━━━ Data for review ━━━

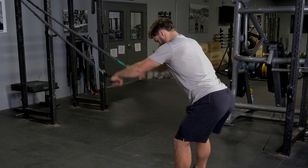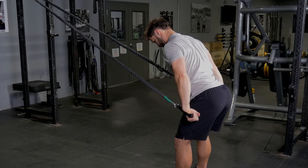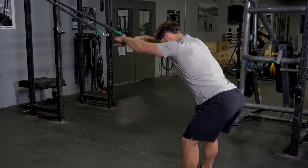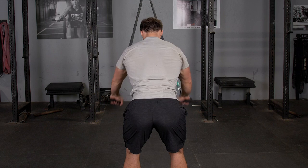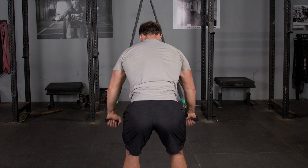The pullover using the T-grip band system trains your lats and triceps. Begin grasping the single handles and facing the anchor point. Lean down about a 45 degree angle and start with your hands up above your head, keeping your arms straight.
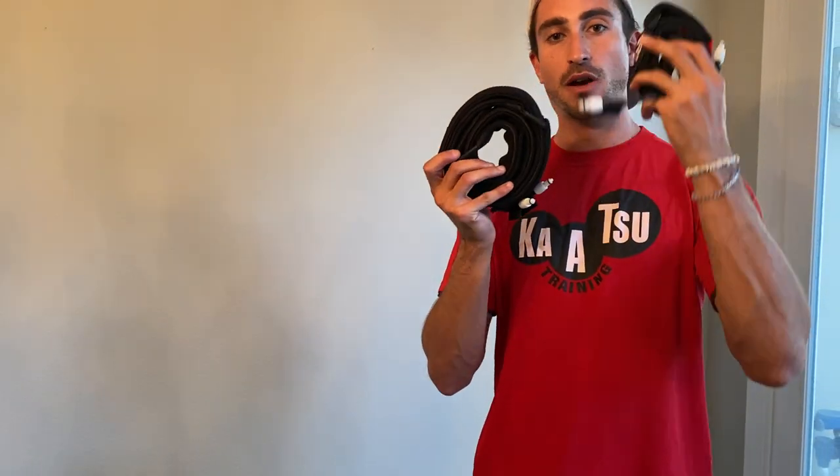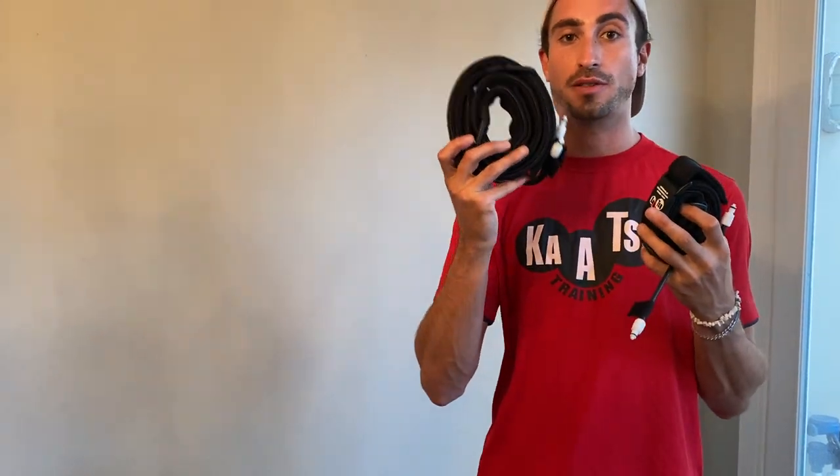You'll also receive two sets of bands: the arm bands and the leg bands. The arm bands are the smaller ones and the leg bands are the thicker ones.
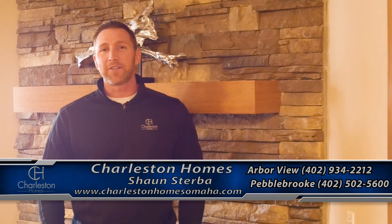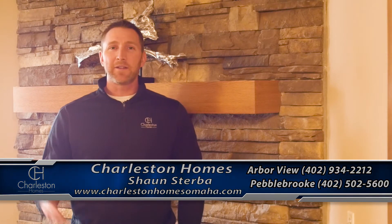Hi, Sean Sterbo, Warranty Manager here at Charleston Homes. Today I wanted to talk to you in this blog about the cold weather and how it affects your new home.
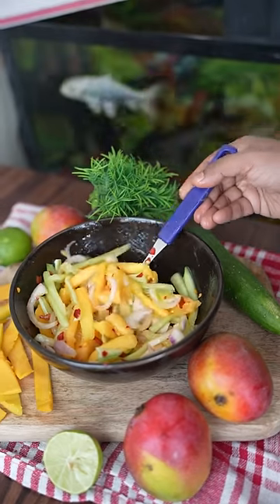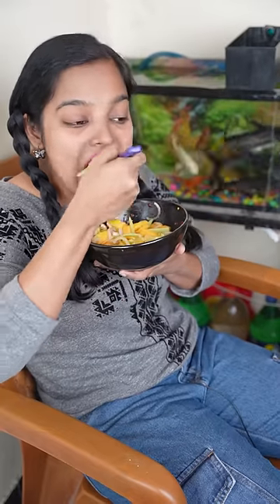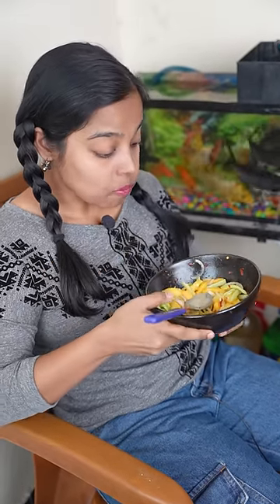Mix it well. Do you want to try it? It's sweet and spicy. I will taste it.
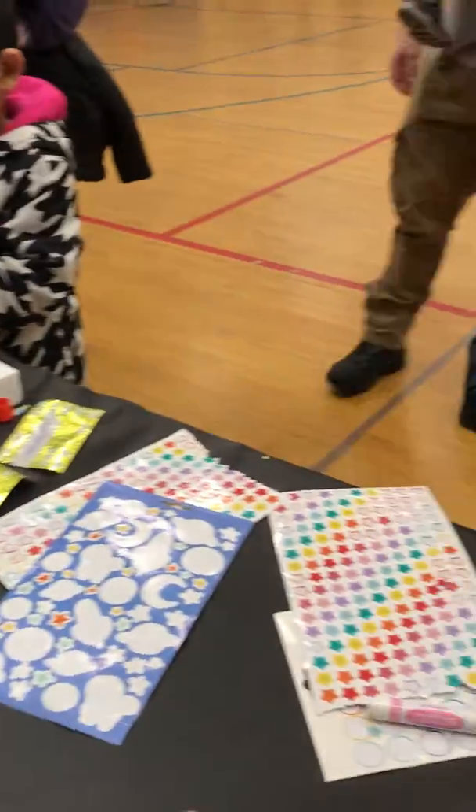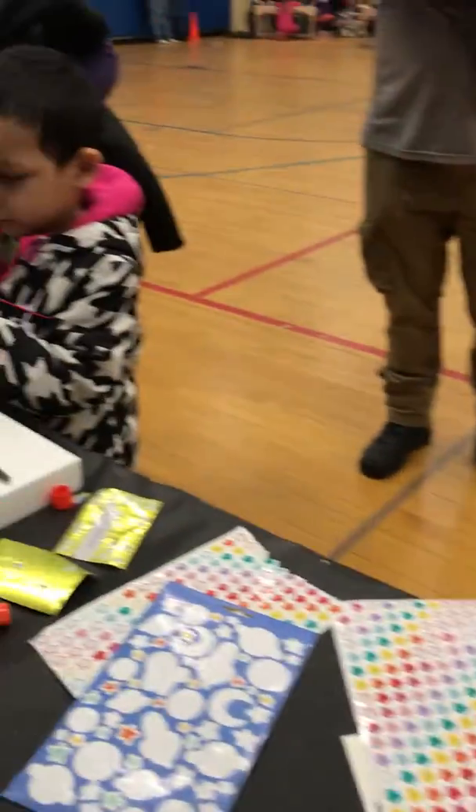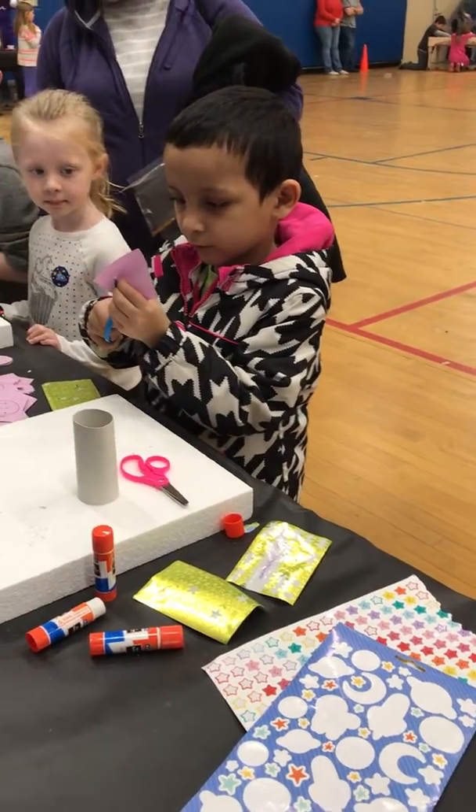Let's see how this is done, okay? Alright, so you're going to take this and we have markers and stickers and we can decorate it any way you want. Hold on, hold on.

━━━

**About this task**
Pictures excluded, repeat the records exactly from their opening line through the line containing "Mix it well.".

**Written answer**
The pullover using the T-grip band system trains your lats and triceps. Begin grasping the single handles and facing the anchor point. Lean down about a 45 degree angle and start with your hands up above your head, keeping your arms straight.
You'll also receive two sets of bands: the arm bands and the leg bands. The arm bands are the smaller ones and the leg bands are the thicker ones.
Hi, Sean Sterbo, Warranty Manager here at Charleston Homes. Today I wanted to talk to you in this blog about the cold weather and how it affects your new home.
Mix it well. Do you want to try it? It's sweet and spicy. I will taste it.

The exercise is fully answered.